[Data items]
[Start of section]

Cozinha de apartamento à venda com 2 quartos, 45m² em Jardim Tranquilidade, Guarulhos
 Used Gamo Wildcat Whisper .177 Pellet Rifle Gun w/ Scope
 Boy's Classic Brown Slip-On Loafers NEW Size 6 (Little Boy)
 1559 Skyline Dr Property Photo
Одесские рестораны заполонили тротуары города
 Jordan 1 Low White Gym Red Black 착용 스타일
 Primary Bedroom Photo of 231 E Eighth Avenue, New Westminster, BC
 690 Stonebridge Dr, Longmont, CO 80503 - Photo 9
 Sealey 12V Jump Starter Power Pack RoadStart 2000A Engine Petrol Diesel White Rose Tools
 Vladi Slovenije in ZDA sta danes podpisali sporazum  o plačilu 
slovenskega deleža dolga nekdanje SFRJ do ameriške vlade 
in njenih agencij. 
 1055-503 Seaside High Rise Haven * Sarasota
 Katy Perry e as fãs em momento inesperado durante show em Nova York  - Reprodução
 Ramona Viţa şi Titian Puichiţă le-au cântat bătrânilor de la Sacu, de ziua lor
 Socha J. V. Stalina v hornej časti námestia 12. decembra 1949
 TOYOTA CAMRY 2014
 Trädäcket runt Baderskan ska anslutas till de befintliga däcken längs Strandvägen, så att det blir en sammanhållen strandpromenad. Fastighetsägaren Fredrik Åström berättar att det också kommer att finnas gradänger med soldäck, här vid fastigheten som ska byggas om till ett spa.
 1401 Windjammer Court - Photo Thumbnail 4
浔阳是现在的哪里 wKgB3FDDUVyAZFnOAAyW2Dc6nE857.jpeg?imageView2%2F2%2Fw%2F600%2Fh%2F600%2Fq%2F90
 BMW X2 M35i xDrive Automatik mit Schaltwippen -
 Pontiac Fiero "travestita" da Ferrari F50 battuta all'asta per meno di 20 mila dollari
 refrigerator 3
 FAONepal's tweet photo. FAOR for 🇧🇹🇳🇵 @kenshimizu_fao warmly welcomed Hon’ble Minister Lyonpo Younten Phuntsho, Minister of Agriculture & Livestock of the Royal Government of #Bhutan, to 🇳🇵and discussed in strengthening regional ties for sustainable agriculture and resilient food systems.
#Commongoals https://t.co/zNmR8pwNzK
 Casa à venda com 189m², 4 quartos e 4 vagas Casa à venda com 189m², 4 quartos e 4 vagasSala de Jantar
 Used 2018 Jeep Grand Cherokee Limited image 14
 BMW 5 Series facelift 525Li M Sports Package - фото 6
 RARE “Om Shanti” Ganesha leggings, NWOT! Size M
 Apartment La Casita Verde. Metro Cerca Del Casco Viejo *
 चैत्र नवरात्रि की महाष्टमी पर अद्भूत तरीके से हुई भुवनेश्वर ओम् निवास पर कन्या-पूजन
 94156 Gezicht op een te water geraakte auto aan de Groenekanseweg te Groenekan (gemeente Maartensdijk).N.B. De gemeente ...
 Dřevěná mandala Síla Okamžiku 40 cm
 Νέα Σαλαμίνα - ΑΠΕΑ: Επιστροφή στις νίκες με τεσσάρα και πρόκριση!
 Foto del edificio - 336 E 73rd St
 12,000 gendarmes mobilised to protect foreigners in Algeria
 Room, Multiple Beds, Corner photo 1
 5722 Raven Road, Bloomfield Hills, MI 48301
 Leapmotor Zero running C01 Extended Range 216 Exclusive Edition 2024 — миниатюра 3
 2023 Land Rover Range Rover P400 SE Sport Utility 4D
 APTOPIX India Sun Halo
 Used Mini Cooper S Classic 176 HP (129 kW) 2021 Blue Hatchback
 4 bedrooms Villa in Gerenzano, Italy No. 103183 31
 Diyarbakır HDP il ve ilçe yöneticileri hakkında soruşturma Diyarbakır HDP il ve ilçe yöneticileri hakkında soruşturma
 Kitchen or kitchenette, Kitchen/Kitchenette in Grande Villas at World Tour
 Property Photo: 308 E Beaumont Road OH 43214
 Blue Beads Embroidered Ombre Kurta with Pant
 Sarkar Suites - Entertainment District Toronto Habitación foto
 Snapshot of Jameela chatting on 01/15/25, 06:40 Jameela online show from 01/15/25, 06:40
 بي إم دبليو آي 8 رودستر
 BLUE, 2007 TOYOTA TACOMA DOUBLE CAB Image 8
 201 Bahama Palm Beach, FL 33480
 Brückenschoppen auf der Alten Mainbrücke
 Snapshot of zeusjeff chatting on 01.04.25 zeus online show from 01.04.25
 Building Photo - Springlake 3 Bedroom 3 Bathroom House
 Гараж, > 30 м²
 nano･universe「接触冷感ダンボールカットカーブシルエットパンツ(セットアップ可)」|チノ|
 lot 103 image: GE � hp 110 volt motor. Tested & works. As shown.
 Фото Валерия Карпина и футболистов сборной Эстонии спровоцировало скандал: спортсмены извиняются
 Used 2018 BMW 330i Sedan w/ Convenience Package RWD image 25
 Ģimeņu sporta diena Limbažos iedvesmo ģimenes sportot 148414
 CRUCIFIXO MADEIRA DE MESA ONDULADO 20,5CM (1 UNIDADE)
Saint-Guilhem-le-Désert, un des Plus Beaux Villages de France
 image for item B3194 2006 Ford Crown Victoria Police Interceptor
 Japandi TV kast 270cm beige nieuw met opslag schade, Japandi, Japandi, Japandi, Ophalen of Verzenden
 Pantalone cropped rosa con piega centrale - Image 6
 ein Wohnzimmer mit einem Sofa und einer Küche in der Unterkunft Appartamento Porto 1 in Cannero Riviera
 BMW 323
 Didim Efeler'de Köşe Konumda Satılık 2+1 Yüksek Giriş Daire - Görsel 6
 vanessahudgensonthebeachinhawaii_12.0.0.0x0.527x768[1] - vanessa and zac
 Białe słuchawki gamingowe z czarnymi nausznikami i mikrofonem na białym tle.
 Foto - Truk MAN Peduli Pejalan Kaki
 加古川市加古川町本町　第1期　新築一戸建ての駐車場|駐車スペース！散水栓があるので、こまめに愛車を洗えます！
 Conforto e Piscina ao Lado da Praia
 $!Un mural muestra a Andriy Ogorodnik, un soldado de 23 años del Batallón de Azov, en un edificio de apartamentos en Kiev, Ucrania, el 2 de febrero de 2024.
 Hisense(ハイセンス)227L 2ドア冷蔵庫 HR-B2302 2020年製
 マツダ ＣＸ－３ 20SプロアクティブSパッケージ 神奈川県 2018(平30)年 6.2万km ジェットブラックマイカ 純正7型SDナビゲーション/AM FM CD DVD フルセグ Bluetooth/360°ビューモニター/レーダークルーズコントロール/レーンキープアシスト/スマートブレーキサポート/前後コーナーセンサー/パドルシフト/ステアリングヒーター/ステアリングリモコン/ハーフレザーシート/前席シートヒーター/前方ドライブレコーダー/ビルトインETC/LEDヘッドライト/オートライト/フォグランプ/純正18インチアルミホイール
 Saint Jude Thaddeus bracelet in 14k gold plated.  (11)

[End of section]

Would you copy every line of the entries in which "White" appears?

• [Response to this task]:
 Jordan 1 Low White Gym Red Black 착용 스타일
 Sealey 12V Jump Starter Power Pack RoadStart 2000A Engine Petrol Diesel White Rose Tools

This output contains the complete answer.